* [Your task]: Keep the pictures out of your copy. Transcribe the records below exactly.

Short text fragments from websites:
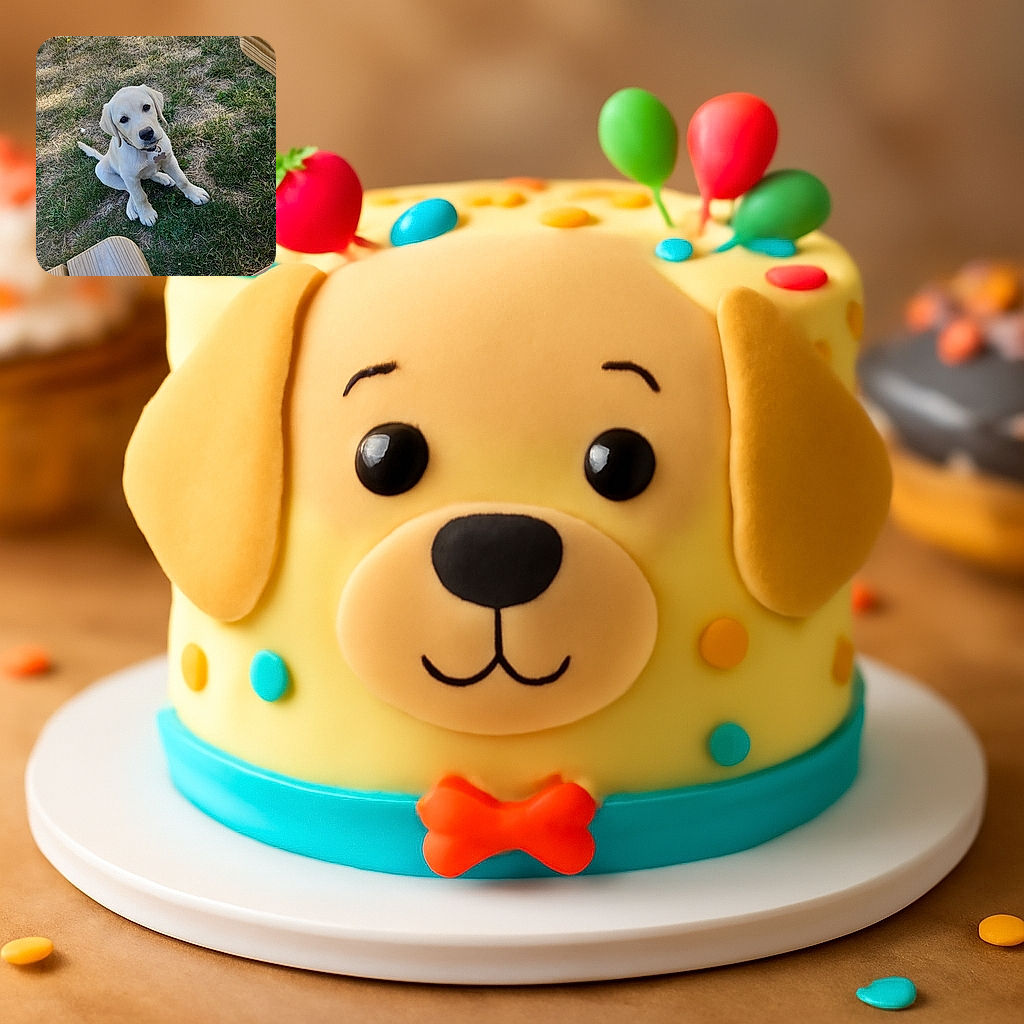 A cute yellow Labrador puppy sits on patchy grass looking up with big innocent eyes, framed by wooden outdoor furniture and warm sunlight casting soft shadows.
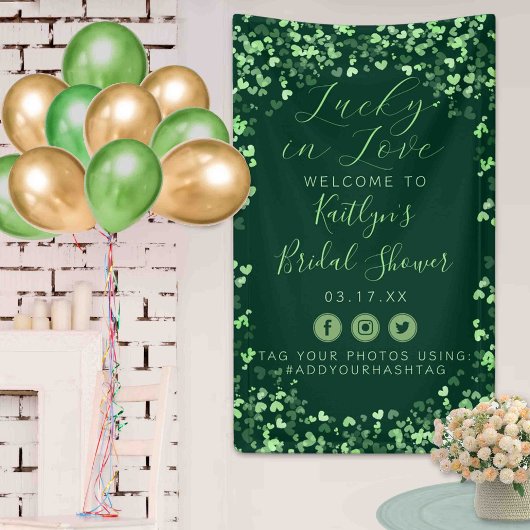Gelukkig Verliefd St. Patrick's Day Bruidsbruiloft Spandoek
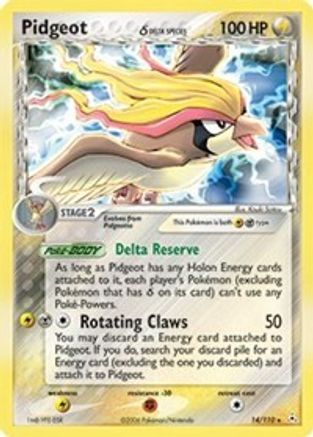 Pidgeot (Delta Species) 014/110 - Holofoil Holon Phantoms - Holo Rare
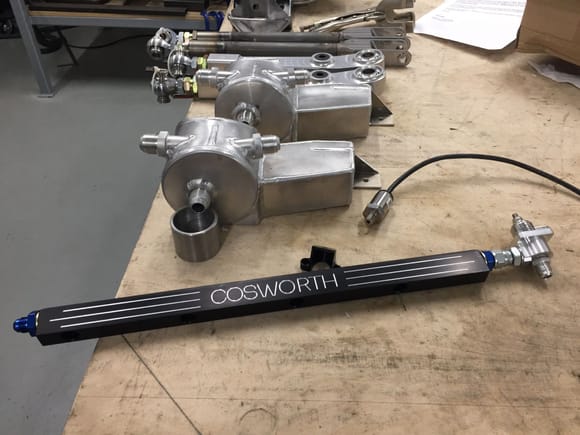 New fuel rail ready to ship to me, Mark MK is teasing me with the WRC breathers I think. He is also shipping me a blank for the dizzy and my cam cover machined for a cam position sensor.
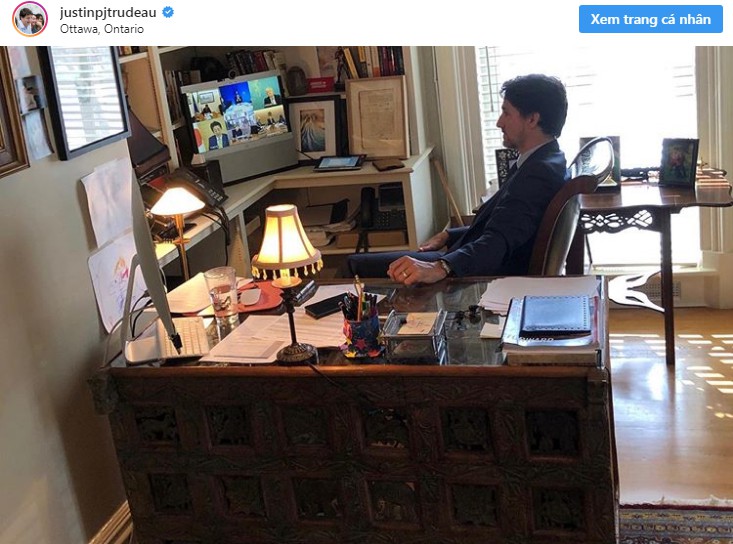 Ảnh chụp màn hình trang Instagram cá nhân của Thủ tướng Trudeau.
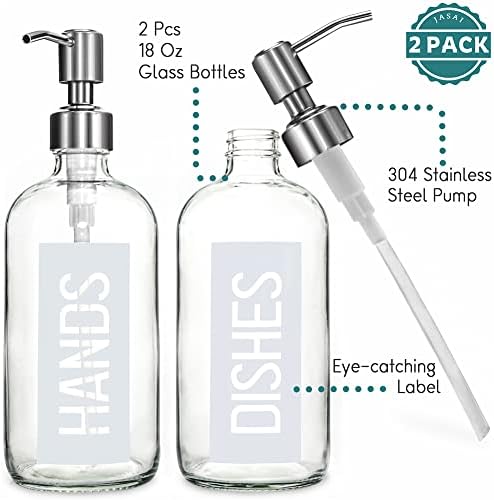 JASAI 2 Pack 18OZ Glass Soap Dispensers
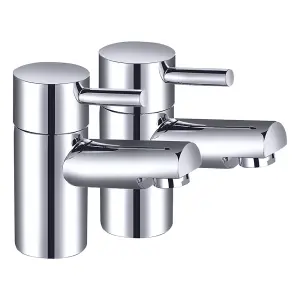 flode Runn Basin Pillar Taps - Chrome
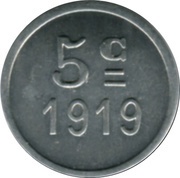 5 Centimes, France, 1917-1919 reverse image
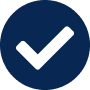Circular blue approval symbol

* [Answer to this problem]:
 A cute yellow Labrador puppy sits on patchy grass looking up with big innocent eyes, framed by wooden outdoor furniture and warm sunlight casting soft shadows.
Gelukkig Verliefd St. Patrick's Day Bruidsbruiloft Spandoek
 Pidgeot (Delta Species) 014/110 - Holofoil Holon Phantoms - Holo Rare
 New fuel rail ready to ship to me, Mark MK is teasing me with the WRC breathers I think. He is also shipping me a blank for the dizzy and my cam cover machined for a cam position sensor.
 Ảnh chụp màn hình trang Instagram cá nhân của Thủ tướng Trudeau.
 JASAI 2 Pack 18OZ Glass Soap Dispensers
 flode Runn Basin Pillar Taps - Chrome
 5 Centimes, France, 1917-1919 reverse image
Circular blue approval symbol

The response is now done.